India is home to some truly astonishing rainforests that are home to a wide number of species. These rainforests make for excellent places to visit, especially for those who have a romantic connection with nature, wildlife, and greenery. Features of India’s Western Himalayan rainforests are in contrast with those of its eastern forests. Here are the tropical rainforests of India which may soon be endangered due to an alarming growth in the human population and damage in the ecosystem.

The Western Ghats

Rainforests Western Ghats

Monsoons bring out the best in the Western Ghats of India that spread across Maharashtra, Karnataka and parts of Kerala and Tamil Nadu. The North Western Ghats cover an area of close to 30,900 square kilometers starting from southwestern India in Maharashtra and extending to Karnataka to Kerala in the south. They are home to trees of the laurel family (Lauraceae), including Litsea, Phoebe, and Cinnamomum. The South Western Ghats, that stretch across Kerala and Tamil Nadu, are an eco-region of southern India, with altitudes going as high as 1000 m. This region is cooler and wetter as compared to its northern counterpart with moist deciduous forests. The Western Ghats monsoon forest is home to around 4,000 species and close to 1,800 of them are endemic to this region.

Northeast India

Rainforests Nagaland

India’s best rainforests are found in the northeastern region which is not as affected by human population as the Western Ghats. The northeastern rainforests stretch from northern Assam to Nagaland, Manipur, Mizoram, Tripura and part of Arunachal Pradesh. Most of this region is at an altitude of around 900 meters. It is home to evergreen and semi-evergreen rainforests, moist deciduous monsoon forests, riparian forests, swamps and grasslands. You can find evergreen rainforests in the Assam Valley, and the foothills of the eastern Himalayas. Regions like the lower parts of the Naga Hills, Meghalaya, Mizoram and Manipur receive heavy rainfall making it possible for the evergreen forests to thrive here. The whole of northeast India is known for the moist sal (Shorea robusta) monsoon forests.  Upper Assam is home to the Joydihing wildlife sanctuary which consists of the Joypur reserve forest, Dirak reserve forest and Dihing reserve forest. A number of wild species like Rhesus Macaque, Assamese Macaque, and slow Loris, capped Langurs, pig-tailed Macaque, stump-tailed Macaque and Hoolock Gibbons are found in this area. This rainforest also has a huge elephant population.

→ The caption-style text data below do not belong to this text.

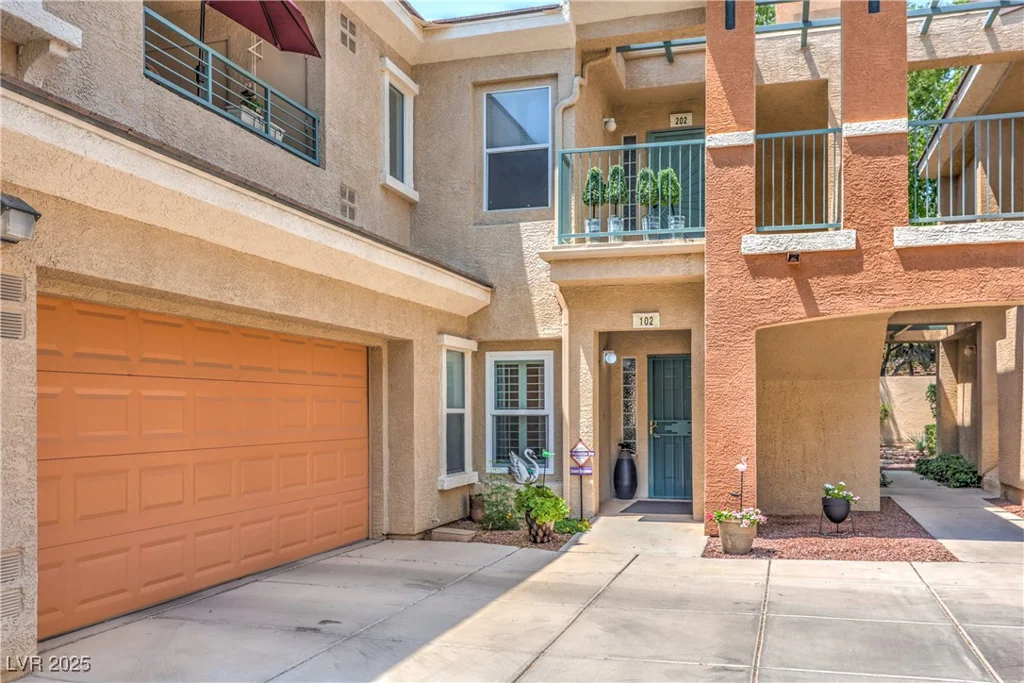 821 Titan Peak, Las Vegas, NV 89144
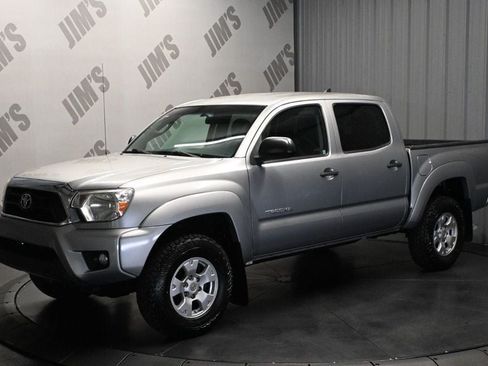 Used 2014 Toyota Tacoma PreRunner w/ SR5 Package RWD image 1
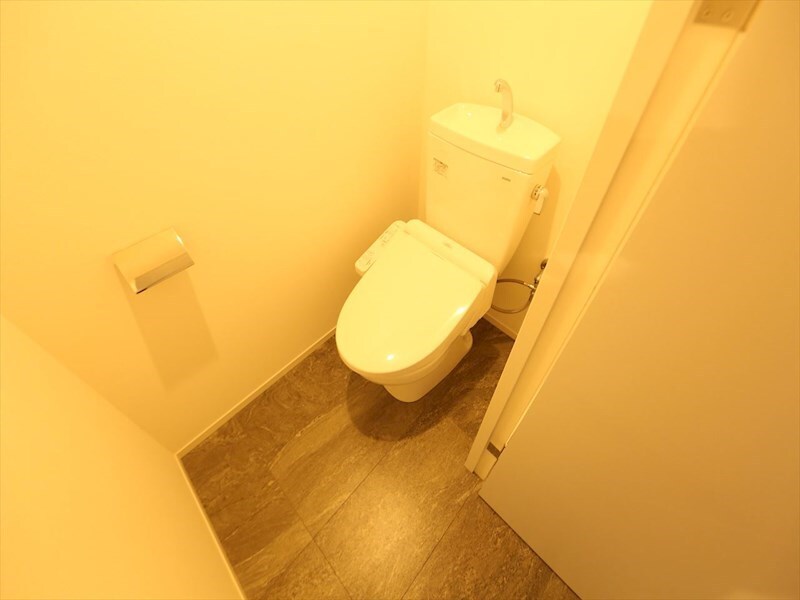 物件内観写真5　(温水洗浄暖房便座付トイレ)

Andaman and Nicobar Islands

Havelock - Andaman-and-Nicobar-Islands

And then there are the tropical evergreen, semi-evergreen and monsoon rainforests of Andaman and Nicobar islands. Several species of flora and fauna are indigenous to the monsoon rainforests of Andaman and Nicobar islands. The tropical forest canopy of this region has a mixed range coming from Indian, Myanmar, Malaysian and endemic flora. There are around 2,200 varieties of plants here, out of which 200 are endemic and 1,300 are not found in mainland India.

India’s rainforests are depleting at an alarming rate on account of the growing population and lack of initiative to protect them. It is of utmost importance that steps be taken to save them by raising awareness about the scare and planting trees in regions where forests have been destroyed to restore damaged ecosystems.